PROBLEM REQUIREMENTS → There is one span to output from the data below: the lines starting at the line with "Cute Golden Balloons Green Four Leaf Clovers" and ending at the line with "Rustic Tiffany Style". Output it exactly, ends included, nothing more.

(INPUT DATA begins)

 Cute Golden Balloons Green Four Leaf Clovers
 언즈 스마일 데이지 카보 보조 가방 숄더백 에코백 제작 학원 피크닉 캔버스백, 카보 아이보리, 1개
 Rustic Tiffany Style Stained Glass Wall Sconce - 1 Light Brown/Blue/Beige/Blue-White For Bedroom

(INPUT DATA ends)
(INPUT DATA begins)

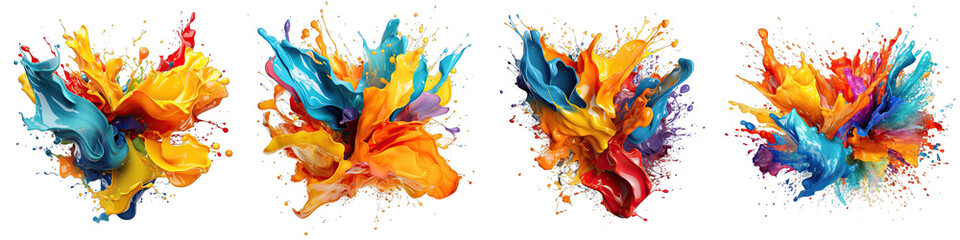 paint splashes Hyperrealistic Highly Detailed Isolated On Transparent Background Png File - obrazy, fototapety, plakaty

(INPUT DATA ends)

PROBLEM SOLUTION →
 Cute Golden Balloons Green Four Leaf Clovers
 언즈 스마일 데이지 카보 보조 가방 숄더백 에코백 제작 학원 피크닉 캔버스백, 카보 아이보리, 1개
 Rustic Tiffany Style Stained Glass Wall Sconce - 1 Light Brown/Blue/Beige/Blue-White For Bedroom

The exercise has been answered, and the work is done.